This is how JPEG compression works—keep important components, drop noise.
Matrix Factorization: Recommendation Systems
Netflix, Amazon, Spotify all use matrix factorization to recommend items!
The Recommendation Problem
You have a ratings matrix (users × items) with many missing values.

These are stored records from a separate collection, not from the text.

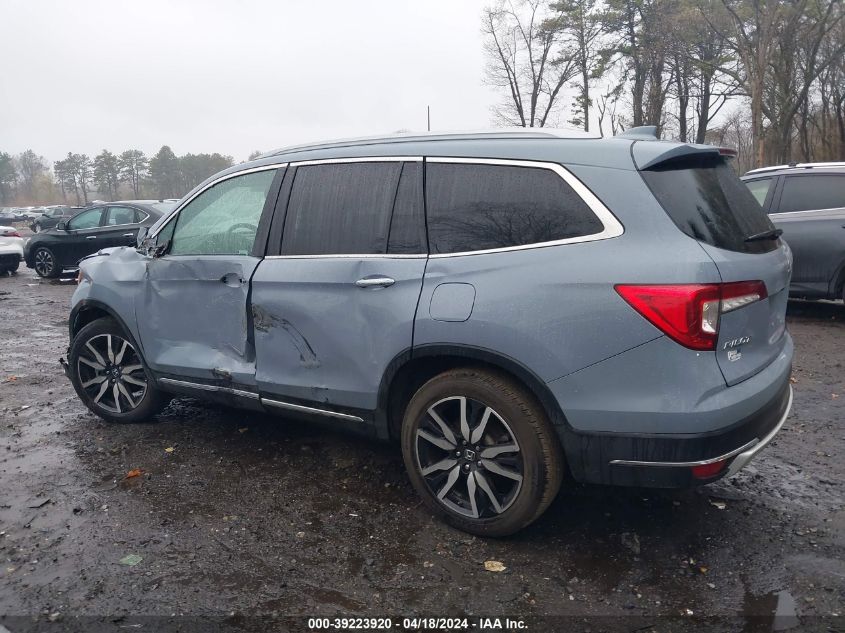 2022 Honda Pilot Awd Elite VIN: 5FNYF6H02NB050920 Lot: 39240551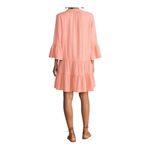 Faherty Dream Cotton Gauze Kasey Dress Organic Boho Beach Coral XXS Oversized Orange Photo 1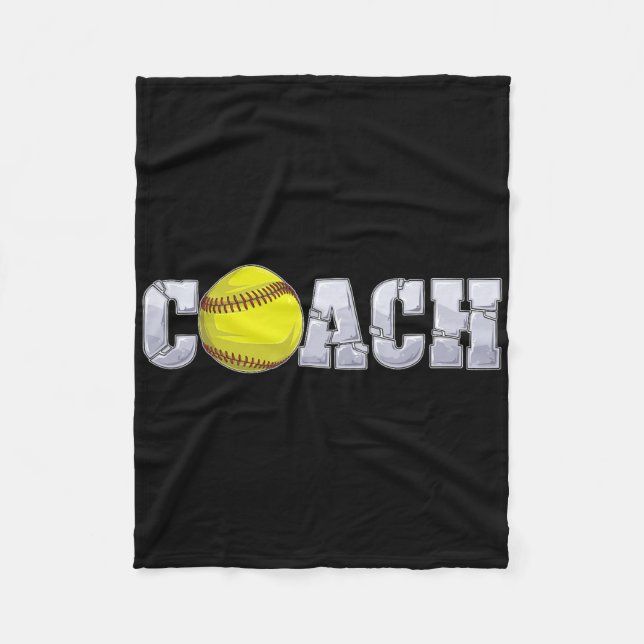 Softll Coach Coaching Istant Coach Softll Team Men Fleece Blanket (Front)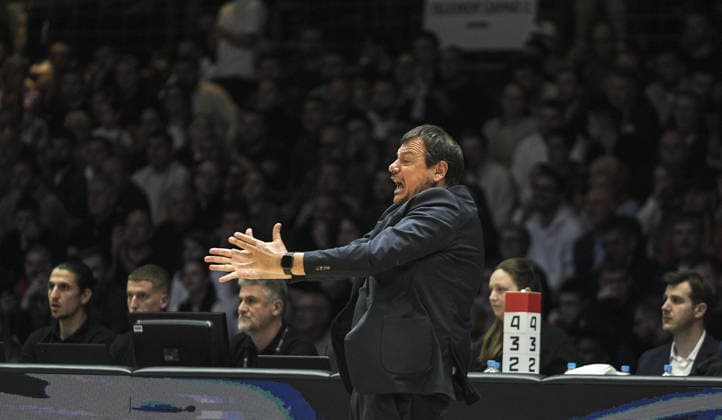 Dubai Basketball v Panathinaikos Aktor Athens - Euroleague SARAJEVO, BOSNIA AND HERZEGOVINA - MARCH 24: Ergin Ataman, Head Coach of Panathinaikos AKTOR Athens reacts during the EuroLeague match between Dubai Basketball and Panathinaikos Aktor Athens at Zetra Arena on March 24, 2026 in Sarajevo, Bosnia and Herzegovina. Samir Jordamovic Anadolu Sarajevo Bosnia and Herzegovina. Editorial use only. Please get in touch for any other usage.  Copyright: x2026xAnadoluxSamirxJordamovicx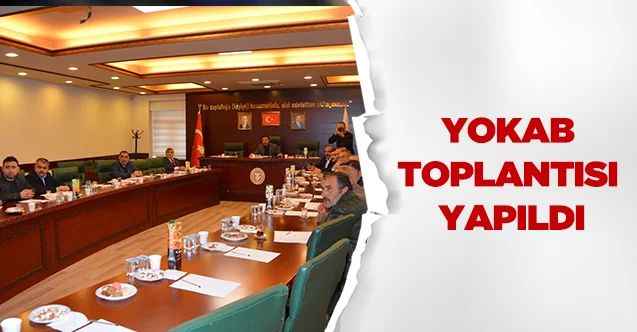 YOKAB Toplantısı Yapıldı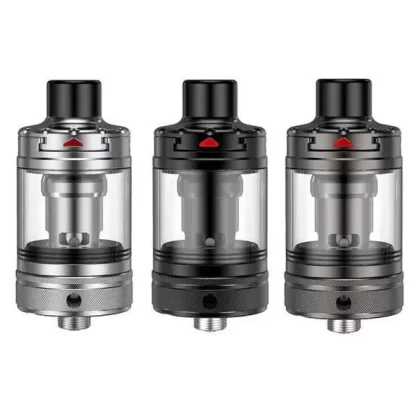 ASPIRE NAUTILUS 3 VAPE TANK - Color#BLACK>GUNMETAL>STAINLESS STEEL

Goal: Predict missing ratings.
Solution: Factor the matrix into User Features × Item Features
# User-item rating matrix (0 = not rated)
ratings = np.array([
[5, 4, 0, 0, 1, 0], # User 1
[4, 0, 0, 0, 1, 0], # User 2
[0, 0, 5, 4, 0, 0], # User 3
[0, 0, 4, 5, 0, 1], # User 4
[0, 1, 0, 0, 4, 5] # User 5
])
print("Original ratings (5 users × 6 items):")
print(ratings)
print("(0 = not rated)")
# Replace 0s with mean for SVD
mask = ratings > 0
mean_rating = ratings[mask].mean()
ratings_filled = ratings.copy()
ratings_filled[ratings_filled == 0] = mean_rating
print(f"\nMean rating: {mean_rating:.2f}")
# Perform SVD
U, s, Vt = np.linalg.svd(ratings_filled, full_matrices=False)
# Keep only k=2 latent factors
k = 2
U_k = U[:, :k]
s_k = s[:k]
Vt_k = Vt[:k, :]
# Reconstruct ratings
ratings_predicted = U_k @ np.diag(s_k) @ Vt_k
print(f"\nReduced to {k} latent factors")
print("Predicted ratings:")
print(np.round(ratings_predicted, 2))
# Example predictions for unrated items
print("\nPredictions for originally unrated items:")
print(f"User 1, Item 3: {ratings_predicted[0, 2]:.2f}")
print(f"User 3, Item 1: {ratings_predicted[2, 0]:.2f}")
How it works:
- U represents user preferences (e.g., likes action vs romance)
- Vt represents item characteristics (e.g., is action vs romance)
- Their product predicts how much user i will like item j!
Optimization with Linear Algebra: Gradient Descent
Machine learning training uses gradient descent, which relies on linear algebra.
Linear Regression with Gradient Descent
# Generate synthetic data
np.random.seed(42)
n_samples = 20
X = np.linspace(0, 5, n_samples).reshape(-1, 1)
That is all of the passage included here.